TPC-D Detailed Description

[Note: The following is part of an interview by Kim Shanley, TPC's Chief Operating Officer, with Jack Stephens, Informix, and Francois Raab, Information Paradigm, that appeared in the April 15, 1995 TPC Quarterly Report.]

Overview of TPC-D Design

Shanley: Let's talk a little bit more detail about the benchmark itself. Obviously this technical development effort has been going on for over four years. That connotes that you ran into some major technical challenges in developing it. Could you outline some of those challenges and how you resolved them?

Raab: We started with having to define a consistent understanding of a decision support model. What does it mean to do decision support? Is it ad hoc, is it canned, is it large, is it small, is it often, is it not often? Is it live data, is it archived data? We had to define everything that goes into it. Then came some more specific issues. One had to do with whether skewed data were going to be part of the benchmark.

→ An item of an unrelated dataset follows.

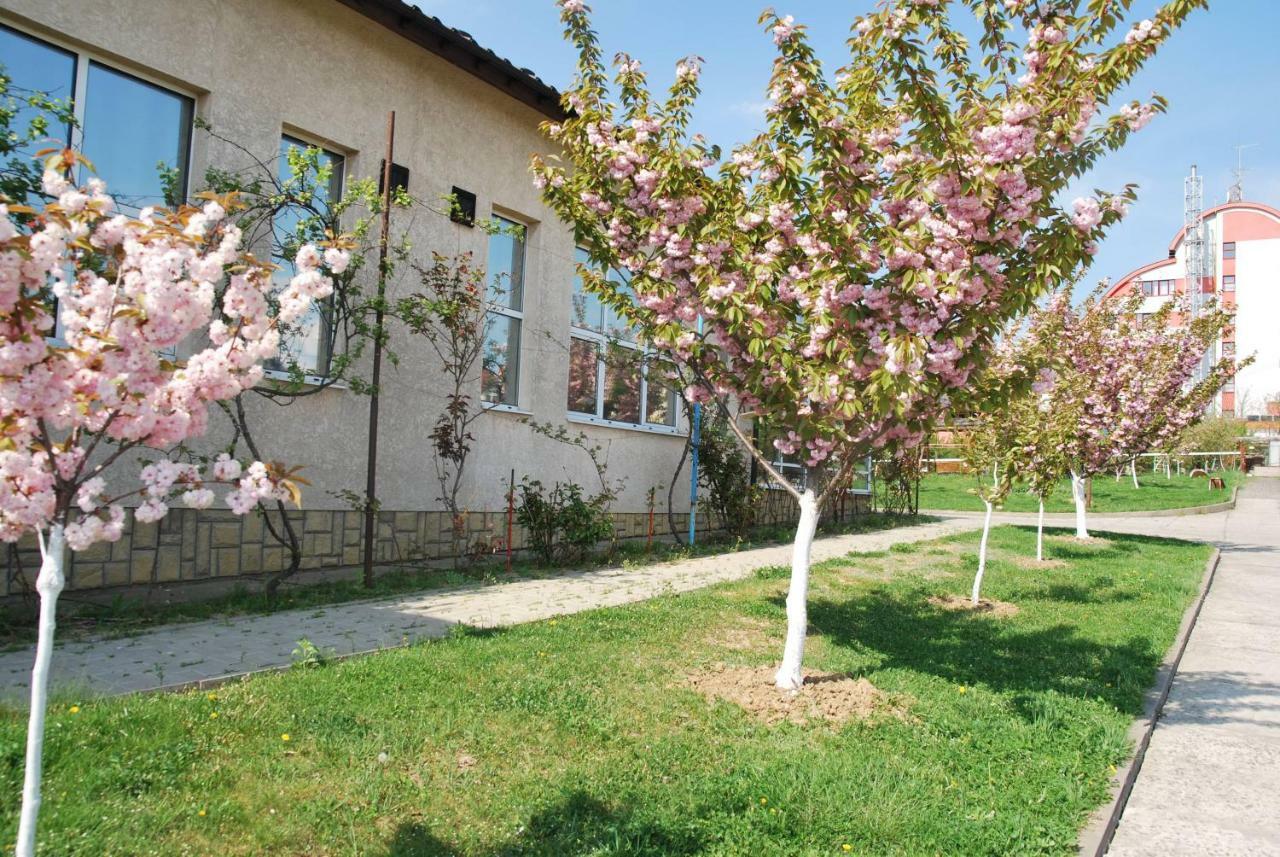 Guest House Uzhgorod Dış mekan fotoğraf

And it was decided that skewed data would not be part of that benchmark, mainly because of the difficulty of implementing it inside the benchmark. Another question that had to be resolved was the one of random queries or controlled spontaneity of the queries and the difficulty of achieving that.

Stephens: We also had to deal with comparability between results. The key in developing the benchmark was there were three or four spectrums that we had to sort of pick either discrete points in or bound upon. One was spectrums for which we had to either pick discrete points or set bounds; another was prepared versus ad hoc; and one was how random a world can we model. After all, you can't have reproducibility and utter randomness. Next was the question of comparing a one gigabyte system to a one terabyte system-is that reasonable? Maybe yes, maybe no. Can we allow arbitrary data volumes, like the OLTP benchmarks, or do we need to pick discrete scaling points. What do we need to do about timing constraints? What level of knowledge of the data can we allow when you're creating indices or laying out the data set? How do we get a consistent data set? What kind of tools do we need to build to make sure that people can run the benchmark in an easy and reproducible fashion? Pretty broad spectrum of stuff.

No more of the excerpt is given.